Screenwriters Hagit Saad and Julie Anna Grignon first met at Series Mania in 2019 and return to this year’s event with a new series project, “In 1942,” backed by Mediawan company White Lion Films’ producer Noor Sadar.
Working remotely from Paris and Tel Aviv, the series’ creators are co-alumni of the UCG Writers Campus who have been in constant contact over the past two years. The pair were thrilled when Series Mania announced its French-Israeli Drama Series Co-Writing Residency, and jumped on the opportunity to team up.
“In 1942” is inspired by a serendipitous interaction between Hagit and her cosmetician, who shared the intimate story of her family’s history of survival dating back to WWII. Affected by the conversation and left with several lingering questions, Hagit teamed with Grignon to create the fictional story of “In 1942” hoping to take a more contemporary look at the long-term struggles of generations affected by the Holocaust, and the moral grey areas they were often forced to navigate just to survive.
Unspooling across the past 80 years, “In 1942” is a story of survival from the point of view of three generations of women Holocaust survivors. Each storyline has its own contained narrative, but the three interweave and eventually link like pieces of a puzzle to construct a larger image. It turns on Adele, a woman who has spent her entire life surviving. In the series’ titular year, the young Jewish girl hides in a basement in Nazi-occupied Bordeaux, France when a soldier discovers her and spares her life, but only after forcing himself upon her.
Many of Adele’s life experiences remain a well-guarded secret until 1988 when her daughter, now living in Israel, learns that the family story she’s grown up with is a fabrication. Finally, in the modern day, Adele’s granddaughter Maureen teams with a documentarist to mine the past to learn more about Adele’s survival story.

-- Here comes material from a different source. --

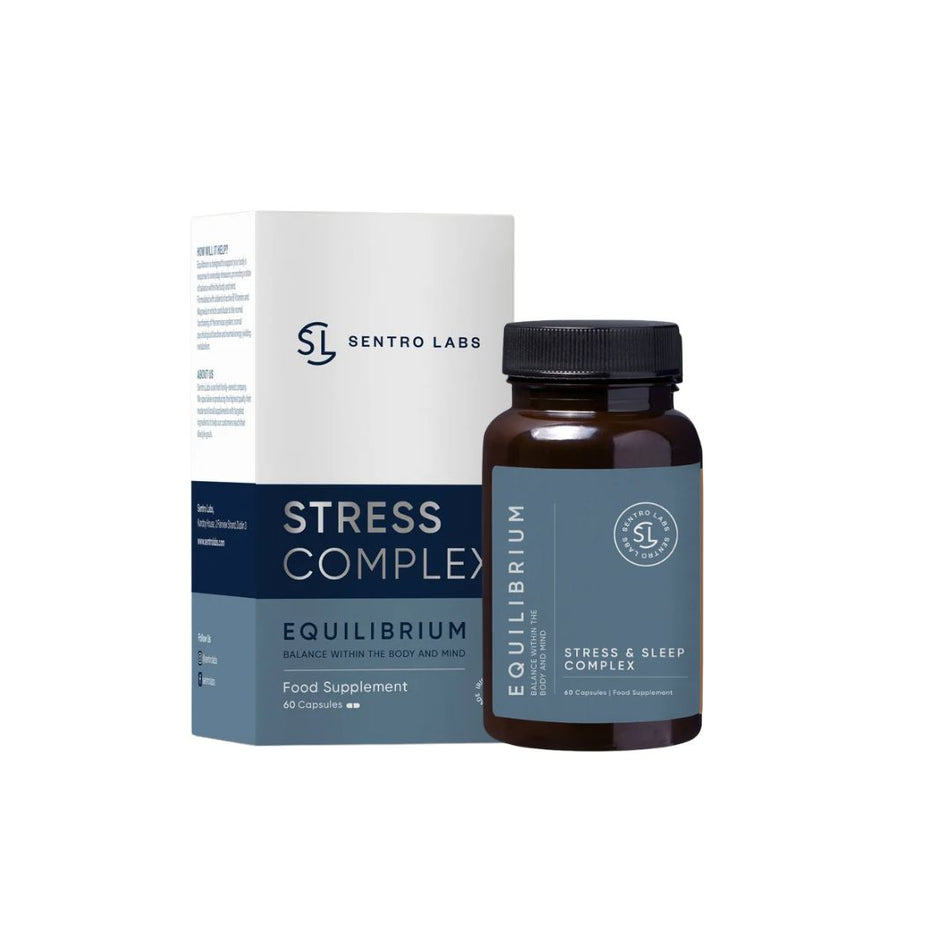 Sentro Labs Stress Complex - Equilibrium packaging and container on a white background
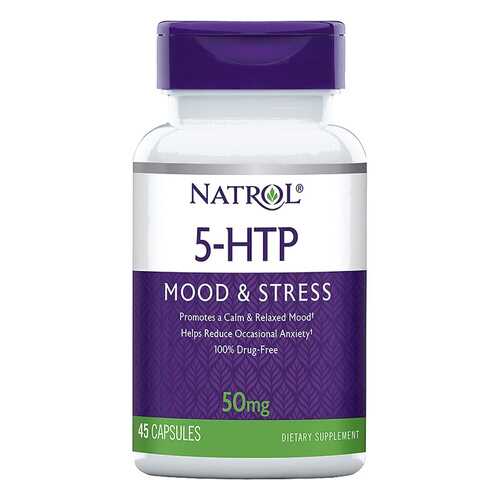 Natrol 5-HTP 45 капсул без вкуса в Спортландия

“As a writing team, each one brings their strong points to this collaboration. Being a third generation of Holocaust survivors herself, Hagit brings the heritage aspect, and Julie-Anna brings her skills in writing period pieces,” explained the writers in their pre-pitch materials, also noting that their geographic locations provide another benefit for this international drama, Saad in Israel and Grignon in France.
“Time is passing, and it is crucial that this dark period of our history should not be forgotten by new generations, who have no idea of the atrocities committed during World War II,” said White Lion producer Sadar. “I believe that fiction, in all its forms, is the best way not to forget.”